The first work in which Mr. Allen was engaged was done during a school vacation, for the Corry Tub and Pail Factory. Later he worked for a short time in a local machine shop and this gave him a taste for machinery, induced him to learn the trade and to work at the same until
1879, when he became a clerk in the post-office at Bradford, and in 1880 he had a mail contract in McKean County. When he came to Butler, in 1886, he entered the machine shops of T. & W. G. Hays & Company, where he continued until 1890, when he went with the firm of
Masseth & Black, with whom he remained until 1896. Mr. Allen then embarked in business at Evans City, under the style of Elliott Brothers & Allen Machine Shops, but in the spring of 1900 he sold out to his partners and came to Butler again, where he had already many
social and business ties. He resumed business in this city, establishing the Butler Electro Plating Works, and in 1904, in partnership with J. B. Nixon, purchased the plant of the United States Electric Manufacturing Company, in less than a year becoming sole proprietor.
He then combined his two plants under the name of The Reliance Telephone and Manufacturing Company. He manufactures the best telephones that are now in use and also chandeliers. His business is a constantly growing one and is a standard concern in the commercial life of
Butler. Mr. Allen is a director and secretary of the Ozark Uplift Oil and Mining Company, a corporation that controls 9,000 acres of land in the Ozark regions of Missouri.

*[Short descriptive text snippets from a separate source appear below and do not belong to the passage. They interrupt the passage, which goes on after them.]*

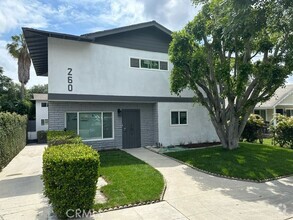 Building Photo - 260 Linda Rosa Ave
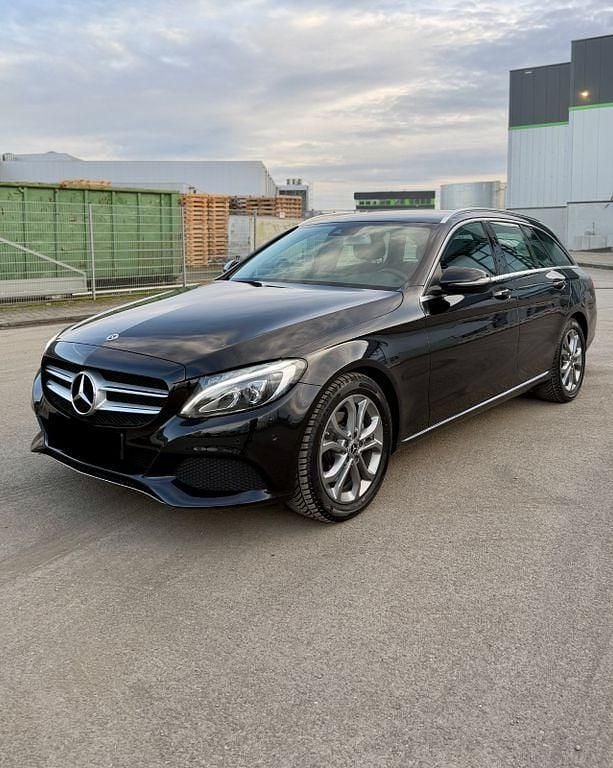 Schwarz Gebraucht 2018 Mercedes C180 Kombi | 18.800 € (Guter Preis) - Bild 1/4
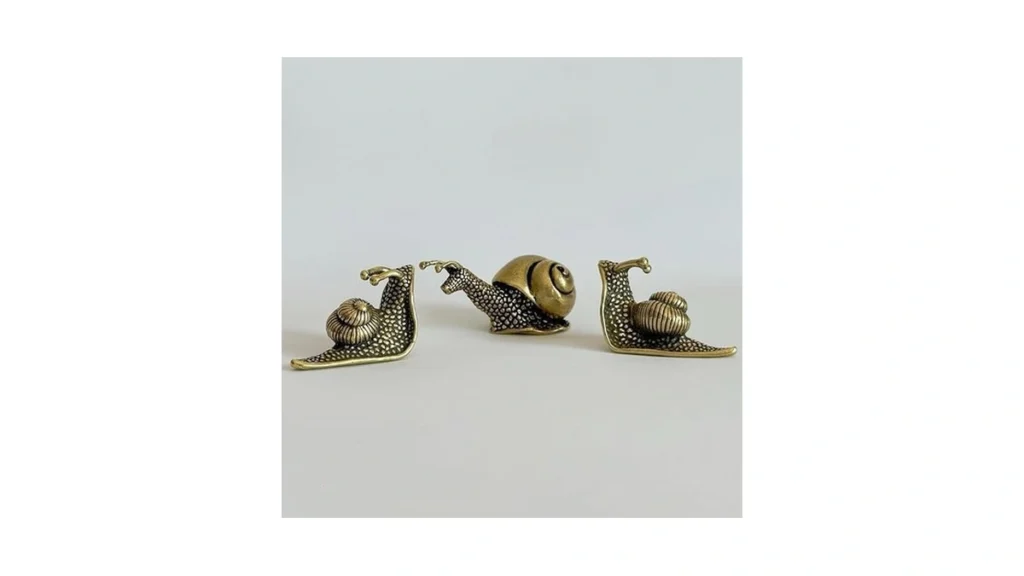 Amazon code: Xyliblla 3pcs Brass Snail Statue Decor R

In 1881, Mr. Allen was married to Miss Mollie E. White, a daughter of Thomas B. Wliite and a great-granddaughter of Matthew White, who was one of the first commissioners of Butler County, this family being one of the old-settled ones of this section. Mr. Allen's maternal
grandfather was a McQuiston and his father came to Butler County as early as 1796. Mr. and Mrs. Allen have five children, namely: Roy M., who resides in New York City; Frank W., who lives at Dubois, Pennsylvania; and Carrie B., Marion E. and Ruth M., at home. Mr. Allen
and family are members of the First Baptist Church, in which he has served as a deacon for many years. In his political views he is a Prohibitionist and in former years served as secretary of the Butler County Committee of that party.